_SUPPLIED DATA_.
# # # #

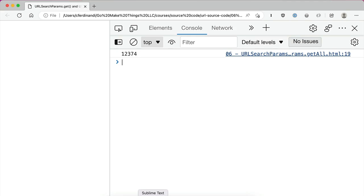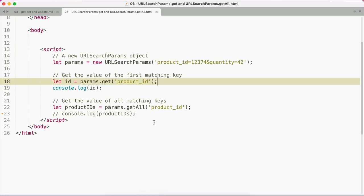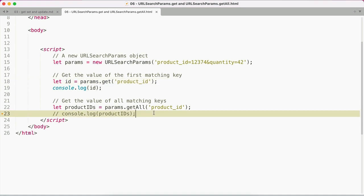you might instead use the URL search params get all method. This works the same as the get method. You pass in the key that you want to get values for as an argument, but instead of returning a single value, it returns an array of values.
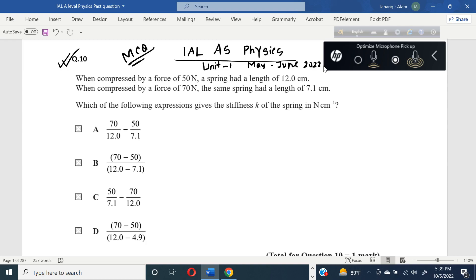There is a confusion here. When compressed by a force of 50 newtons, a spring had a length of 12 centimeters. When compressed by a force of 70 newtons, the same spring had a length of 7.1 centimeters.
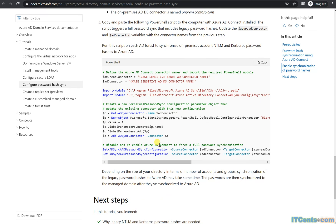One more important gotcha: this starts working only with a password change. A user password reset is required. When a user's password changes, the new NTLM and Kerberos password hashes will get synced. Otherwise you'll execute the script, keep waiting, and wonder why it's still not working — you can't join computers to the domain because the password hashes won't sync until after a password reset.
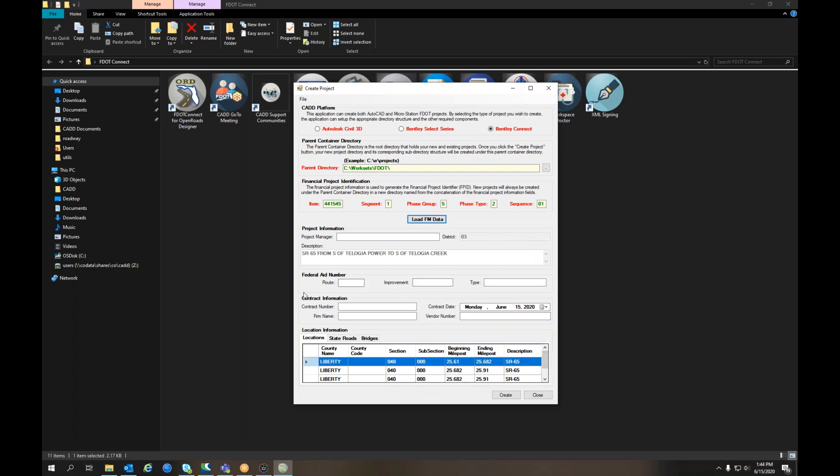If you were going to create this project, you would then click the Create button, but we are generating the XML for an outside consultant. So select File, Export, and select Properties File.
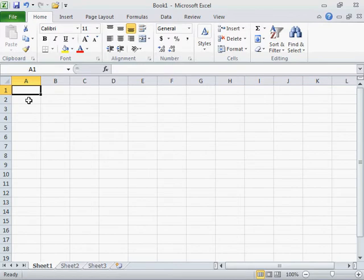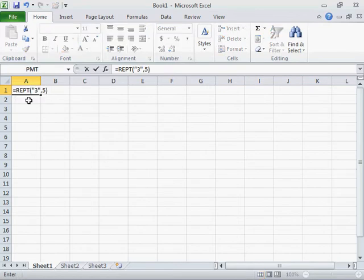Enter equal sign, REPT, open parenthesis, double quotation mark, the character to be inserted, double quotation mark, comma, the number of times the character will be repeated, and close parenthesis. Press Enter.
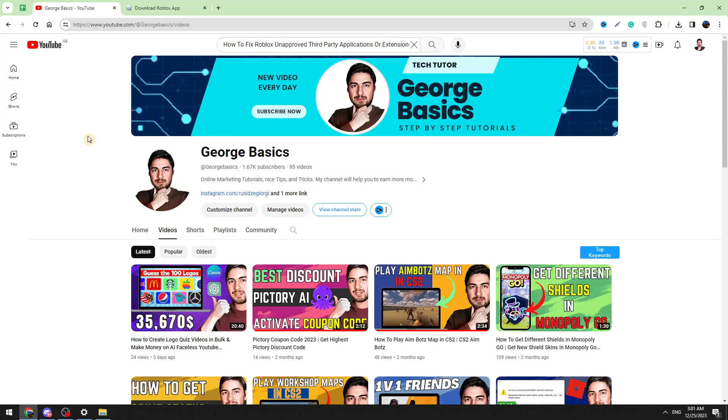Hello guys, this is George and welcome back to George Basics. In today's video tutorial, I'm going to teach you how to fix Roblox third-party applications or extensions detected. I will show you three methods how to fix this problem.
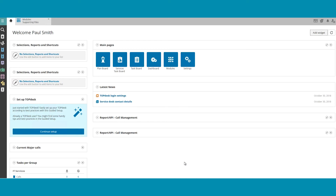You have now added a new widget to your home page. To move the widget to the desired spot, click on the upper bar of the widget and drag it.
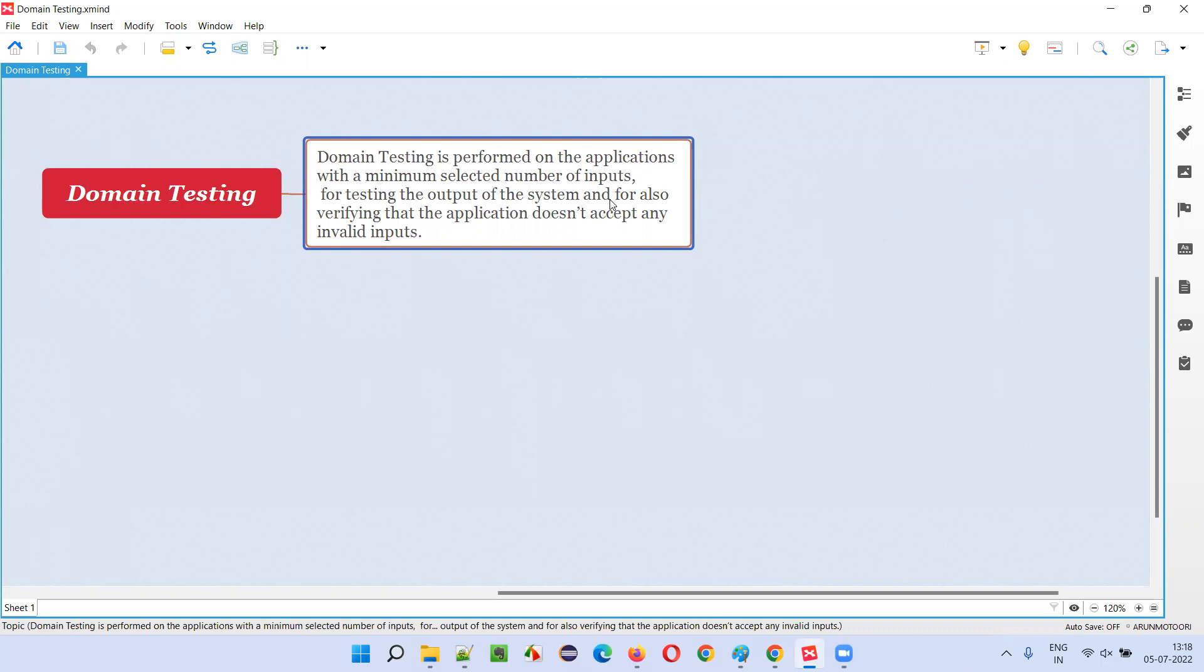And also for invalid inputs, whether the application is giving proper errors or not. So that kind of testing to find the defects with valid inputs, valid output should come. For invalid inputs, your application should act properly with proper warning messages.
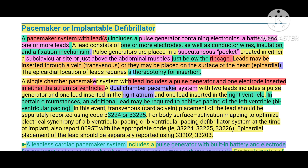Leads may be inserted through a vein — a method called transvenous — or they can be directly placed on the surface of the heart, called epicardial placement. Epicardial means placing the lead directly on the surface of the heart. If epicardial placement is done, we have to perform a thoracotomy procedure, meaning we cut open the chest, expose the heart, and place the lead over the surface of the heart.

# # # #

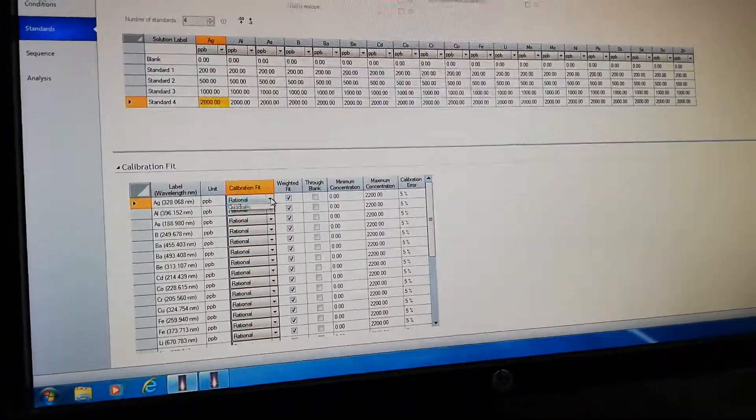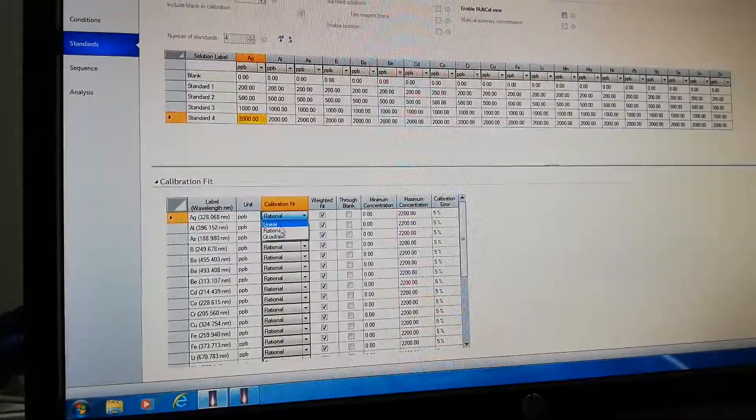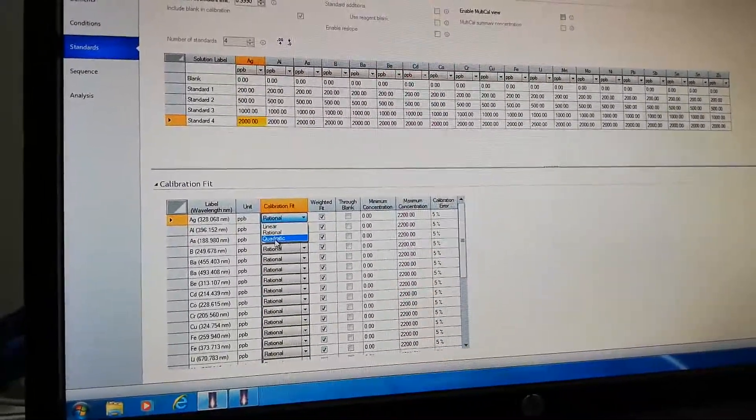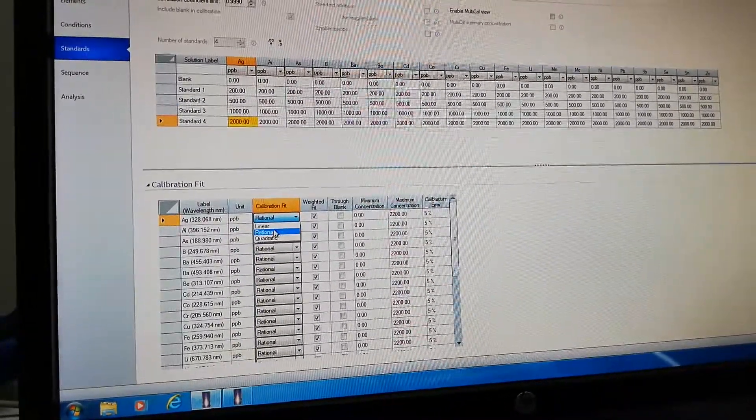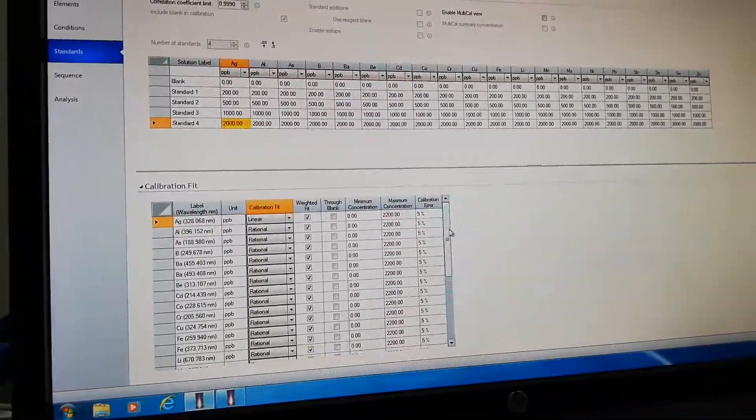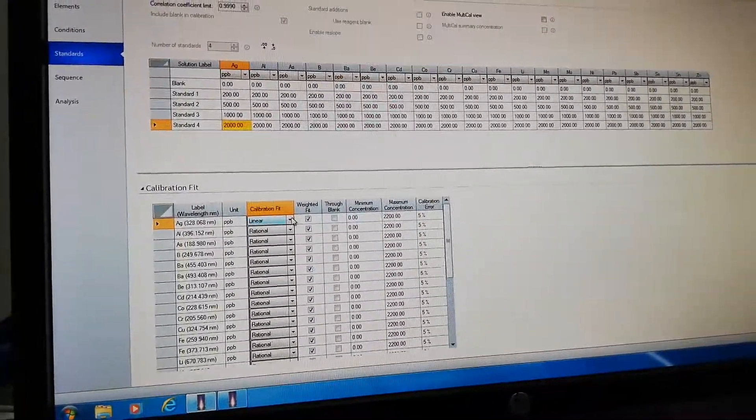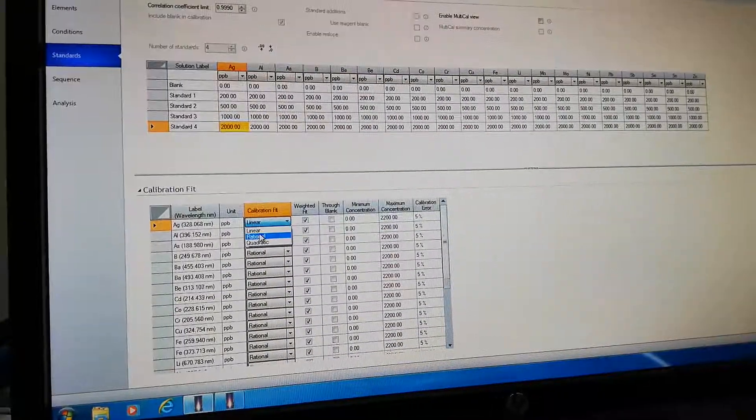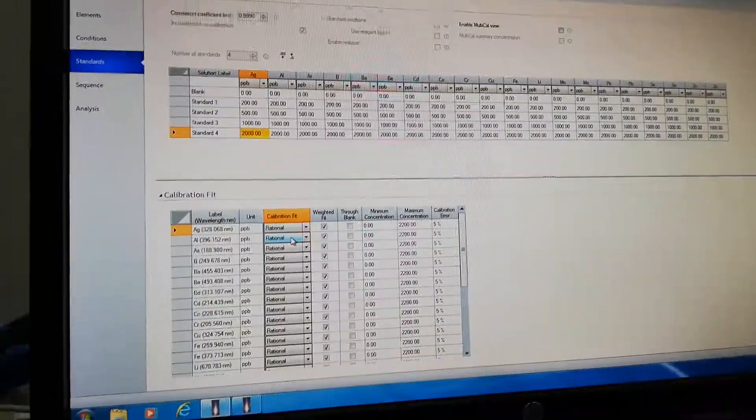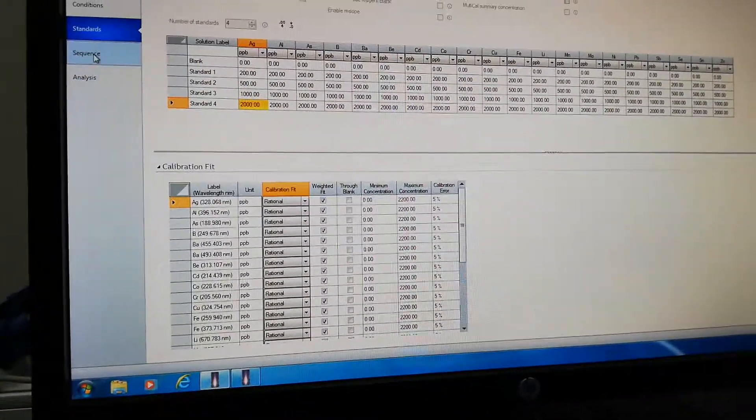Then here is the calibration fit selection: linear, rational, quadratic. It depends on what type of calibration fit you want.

# # # #

In the material above, which lines fall between the one holding "you might instead" and the one holding "There is a confusion", inclusive? Print exactly those, with the pictures left out.

you might instead use the URL search params get all method. This works the same as the get method. You pass in the key that you want to get values for as an argument, but instead of returning a single value, it returns an array of values.
There is a confusion here. When compressed by a force of 50 newtons, a spring had a length of 12 centimeters. When compressed by a force of 70 newtons, the same spring had a length of 7.1 centimeters.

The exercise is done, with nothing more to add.